Lagrange Multipliers
Lagrange multipliers are used to solve constrained optimization problems. They minimize f(x) subject to g(x)=0 by creating the Lagrangian L(x,λ)=f(x)−λg(x). To find the solution, you set all partial derivatives to zero, which gives you ∇f(x)=λ∇g(x) and g(x)=0. The multiplier λ shows how the optimal value changes based on the constraint.
Logistic Regression
Logistic regression is a model used to classify things in machine learning. It starts by adding up the input features in a weighted way, plus a bias. This is written as z = w⋅x + b. Then, it uses the sigmoid function, which turns any number into a value between 0 and 1 using the formula g(z) = 1/(1 + e⁻ᶻ). The result can be seen as the likelihood that the input fits into a certain class. This makes logistic regression helpful for sorting inputs into categories.
Newton Raphson Method
The Newton Raphson method finds roots of the equation f(x)=0 using the iterative formula xₙ₊₁ = xₙ - f(xₙ)/f'(xₙ). Starting with a guess, x₀, each step uses the tangent line at the current point to guess where the function crosses the x axis. This method works when the initial guess is close enough to the root, f'(x)≠0 near the root, and the function changes smoothly. Common ways to check if it have converged are |xₙ₊₁ - xₙ| < ε or |f(xₙ)| < ε, where ε is a small value.

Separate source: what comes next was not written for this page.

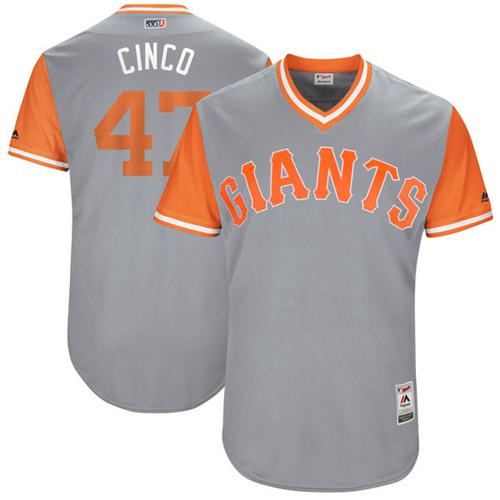 San Francisco Giants #47 Johnny Cueto Gray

ReLU (Rectified Linear Unit)
ReLU is expressed as f(x) = max(0, x). It lets positive inputs go through as they are, but it outputs zero for negative inputs. It is good for calculations and helps with the vanishing gradient issue since its derivative is 1 for positive inputs and 0 for negative inputs. By setting negative values to zero, ReLU adds sparsity, which can speed up networks and reduce overfitting.
Regularization
Regularization stops overfitting by adding a penalty to the cost function that discourages big parameter values. For both linear and logistic regression, the regularized cost function is J(w,b) = original_cost + (λ/2m)∑wⱼ². The regularization parameter λ controls how to balance fitting the training data and keeping parameters small. In gradient descent, this adds λ/m·wⱼ to the derivative of wⱼ, which shrinks parameters by multiplying them by (1 - αλ/m) each time. Note that the bias parameter b isn't regularized, just the weight parameters w are penalized to prevent overfitting.
Softmax
Softmax changes a list of real numbers into a probability distribution, σ(zᵢ) = eᶻⁱ / ∑ⱼeᶻʲ. Each output is between 0 and 1, and they all add up to 1. This makes it good for multiclass classification in the output layer. Softmax makes differences between inputs bigger so that larger values get higher probabilities, and smaller values get lower ones. The function can be differentiated everywhere, so it works well for backpropagation.